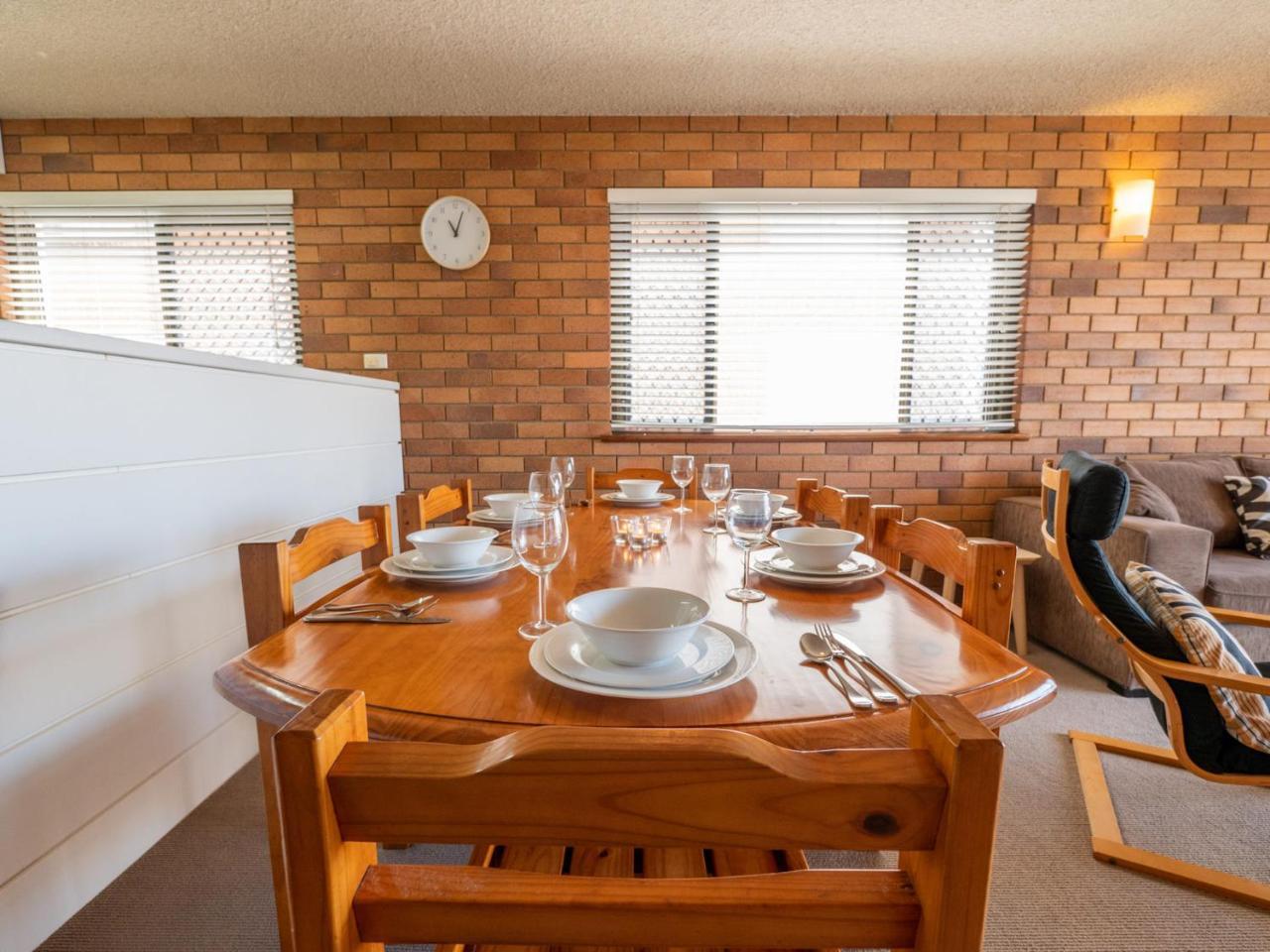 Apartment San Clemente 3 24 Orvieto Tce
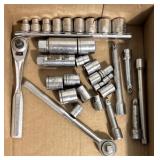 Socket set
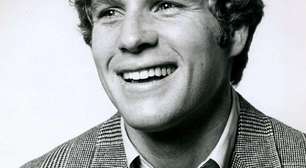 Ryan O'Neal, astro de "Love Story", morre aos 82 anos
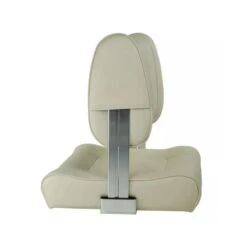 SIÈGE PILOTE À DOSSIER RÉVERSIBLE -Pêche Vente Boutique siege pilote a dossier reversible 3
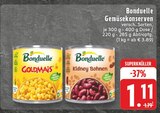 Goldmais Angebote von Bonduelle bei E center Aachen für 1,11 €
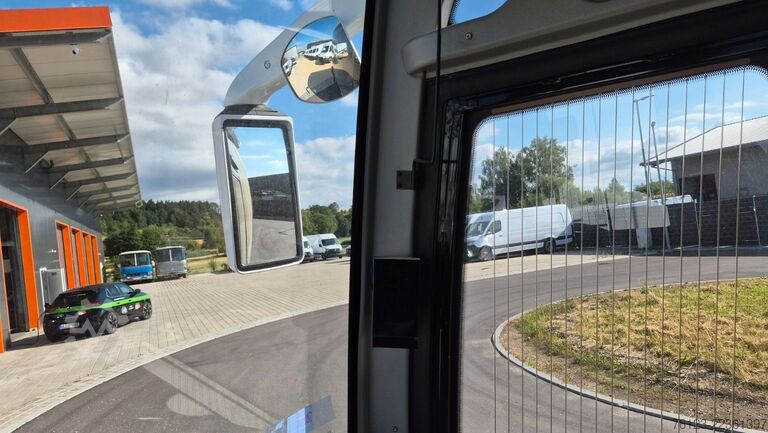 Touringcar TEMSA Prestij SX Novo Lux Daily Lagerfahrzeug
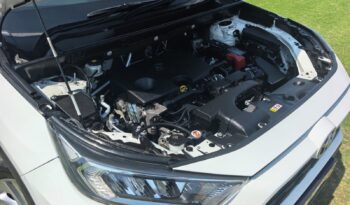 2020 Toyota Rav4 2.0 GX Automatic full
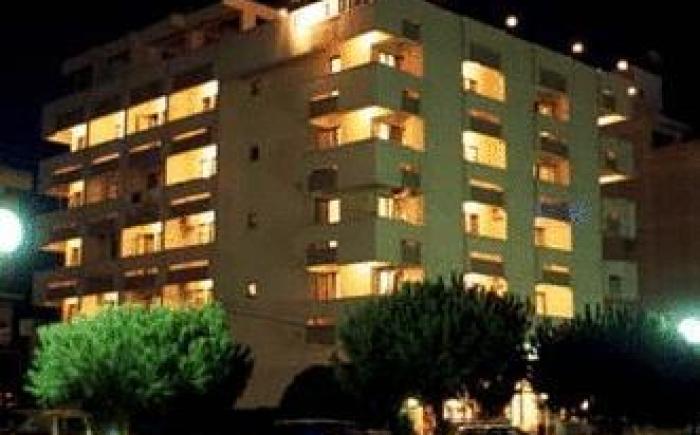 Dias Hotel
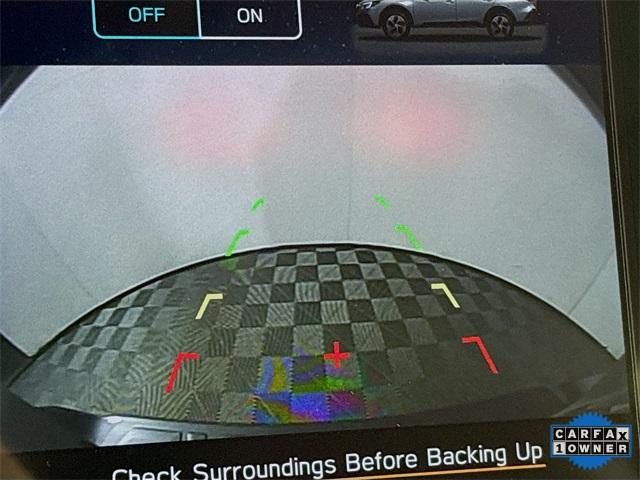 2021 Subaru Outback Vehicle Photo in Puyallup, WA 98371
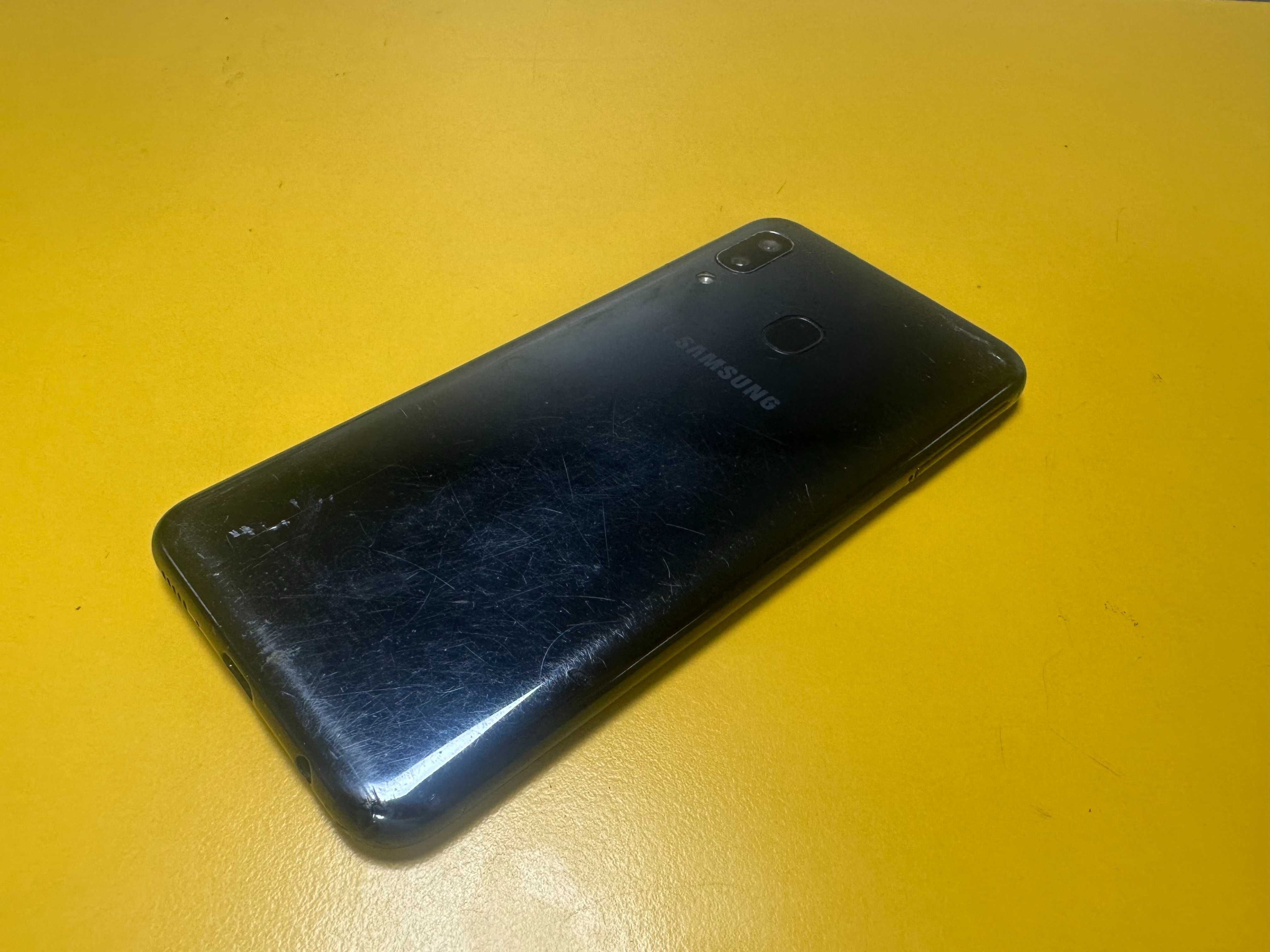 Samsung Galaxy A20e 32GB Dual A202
==
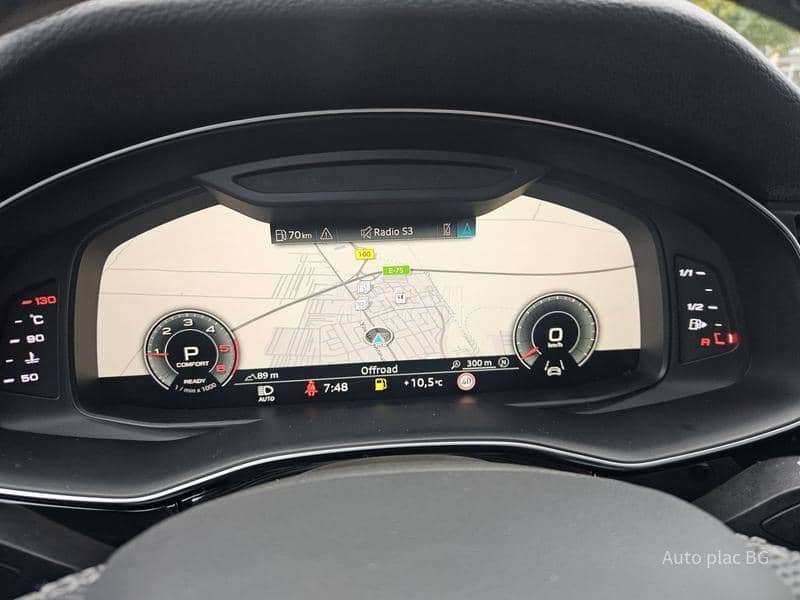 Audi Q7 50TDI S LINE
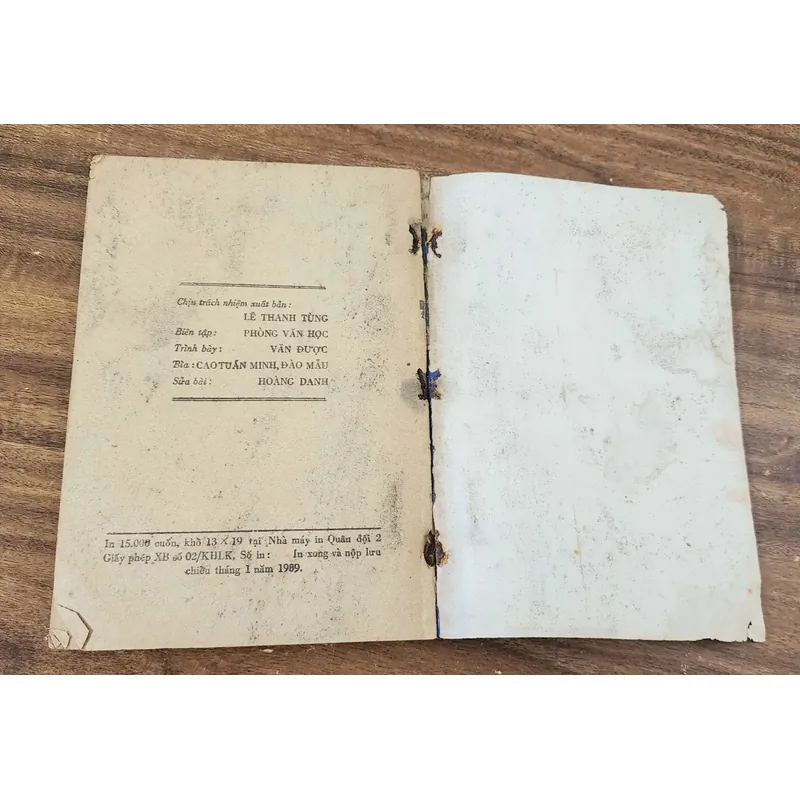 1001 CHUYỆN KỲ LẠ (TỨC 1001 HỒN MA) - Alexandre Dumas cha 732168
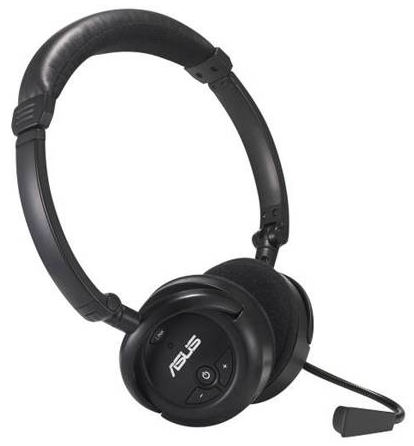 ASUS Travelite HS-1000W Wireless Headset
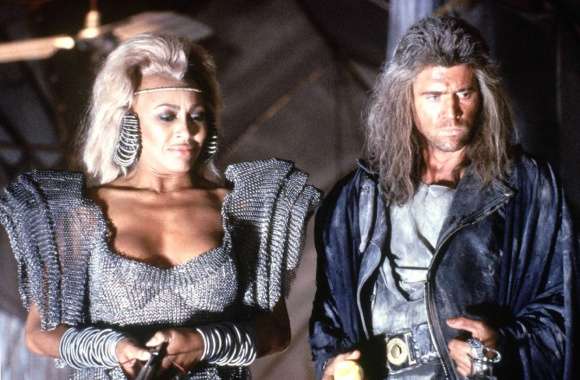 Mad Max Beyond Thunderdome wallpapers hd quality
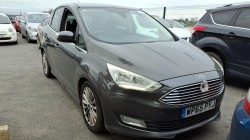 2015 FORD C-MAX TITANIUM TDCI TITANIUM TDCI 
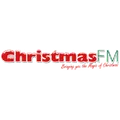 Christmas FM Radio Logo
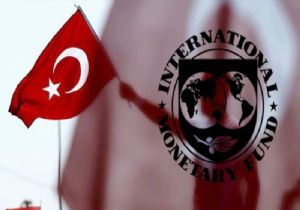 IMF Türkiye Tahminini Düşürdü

### PROMPT
Transcribe only the lines above that start at the line containing "Apartment San Clemente 3 24 Orvieto Tce" and end at the line containing "Touringcar TEMSA Prestij". Omit pictures.

### EXERCISE SOLUTION
 Apartment San Clemente 3 24 Orvieto Tce
 Socket set
 Ryan O'Neal, astro de "Love Story", morre aos 82 anos
 SIÈGE PILOTE À DOSSIER RÉVERSIBLE -Pêche Vente Boutique siege pilote a dossier reversible 3
 Goldmais Angebote von Bonduelle bei E center Aachen für 1,11 €
 Touringcar TEMSA Prestij SX Novo Lux Daily Lagerfahrzeug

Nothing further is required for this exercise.